PROBLEM TO WORK ON —
For this exercise, transcribe all the records below exactly.
▼
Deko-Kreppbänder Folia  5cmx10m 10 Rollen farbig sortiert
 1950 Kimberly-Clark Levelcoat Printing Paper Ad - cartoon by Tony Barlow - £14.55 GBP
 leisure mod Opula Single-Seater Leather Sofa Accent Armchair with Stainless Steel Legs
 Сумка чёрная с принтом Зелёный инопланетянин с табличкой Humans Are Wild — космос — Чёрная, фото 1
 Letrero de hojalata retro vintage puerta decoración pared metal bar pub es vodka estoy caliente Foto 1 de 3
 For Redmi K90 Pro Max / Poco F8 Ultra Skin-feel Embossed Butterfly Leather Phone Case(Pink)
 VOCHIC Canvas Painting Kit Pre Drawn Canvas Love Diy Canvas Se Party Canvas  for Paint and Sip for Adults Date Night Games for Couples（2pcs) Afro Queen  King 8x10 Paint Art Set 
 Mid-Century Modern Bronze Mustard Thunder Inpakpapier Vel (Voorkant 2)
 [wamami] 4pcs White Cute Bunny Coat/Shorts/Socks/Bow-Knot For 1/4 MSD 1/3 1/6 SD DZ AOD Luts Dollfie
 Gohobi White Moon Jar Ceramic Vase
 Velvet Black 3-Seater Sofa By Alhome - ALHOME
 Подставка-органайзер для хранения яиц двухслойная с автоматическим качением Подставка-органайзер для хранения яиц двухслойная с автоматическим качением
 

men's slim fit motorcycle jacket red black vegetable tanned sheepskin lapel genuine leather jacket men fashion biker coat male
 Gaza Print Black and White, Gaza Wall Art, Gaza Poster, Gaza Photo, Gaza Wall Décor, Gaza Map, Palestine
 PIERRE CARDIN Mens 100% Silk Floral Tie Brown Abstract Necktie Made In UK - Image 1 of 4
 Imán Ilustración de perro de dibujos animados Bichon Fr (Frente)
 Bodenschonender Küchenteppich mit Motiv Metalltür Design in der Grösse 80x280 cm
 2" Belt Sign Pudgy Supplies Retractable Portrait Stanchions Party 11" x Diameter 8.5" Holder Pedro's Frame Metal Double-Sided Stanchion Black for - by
▲
REPLY TO THE EXERCISE —
Deko-Kreppbänder Folia  5cmx10m 10 Rollen farbig sortiert
 1950 Kimberly-Clark Levelcoat Printing Paper Ad - cartoon by Tony Barlow - £14.55 GBP
 leisure mod Opula Single-Seater Leather Sofa Accent Armchair with Stainless Steel Legs
 Сумка чёрная с принтом Зелёный инопланетянин с табличкой Humans Are Wild — космос — Чёрная, фото 1
 Letrero de hojalata retro vintage puerta decoración pared metal bar pub es vodka estoy caliente Foto 1 de 3
 For Redmi K90 Pro Max / Poco F8 Ultra Skin-feel Embossed Butterfly Leather Phone Case(Pink)
 VOCHIC Canvas Painting Kit Pre Drawn Canvas Love Diy Canvas Se Party Canvas  for Paint and Sip for Adults Date Night Games for Couples（2pcs) Afro Queen  King 8x10 Paint Art Set 
 Mid-Century Modern Bronze Mustard Thunder Inpakpapier Vel (Voorkant 2)
 [wamami] 4pcs White Cute Bunny Coat/Shorts/Socks/Bow-Knot For 1/4 MSD 1/3 1/6 SD DZ AOD Luts Dollfie
 Gohobi White Moon Jar Ceramic Vase
 Velvet Black 3-Seater Sofa By Alhome - ALHOME
 Подставка-органайзер для хранения яиц двухслойная с автоматическим качением Подставка-органайзер для хранения яиц двухслойная с автоматическим качением
 

men's slim fit motorcycle jacket red black vegetable tanned sheepskin lapel genuine leather jacket men fashion biker coat male
 Gaza Print Black and White, Gaza Wall Art, Gaza Poster, Gaza Photo, Gaza Wall Décor, Gaza Map, Palestine
 PIERRE CARDIN Mens 100% Silk Floral Tie Brown Abstract Necktie Made In UK - Image 1 of 4
 Imán Ilustración de perro de dibujos animados Bichon Fr (Frente)
 Bodenschonender Küchenteppich mit Motiv Metalltür Design in der Grösse 80x280 cm
 2" Belt Sign Pudgy Supplies Retractable Portrait Stanchions Party 11" x Diameter 8.5" Holder Pedro's Frame Metal Double-Sided Stanchion Black for - by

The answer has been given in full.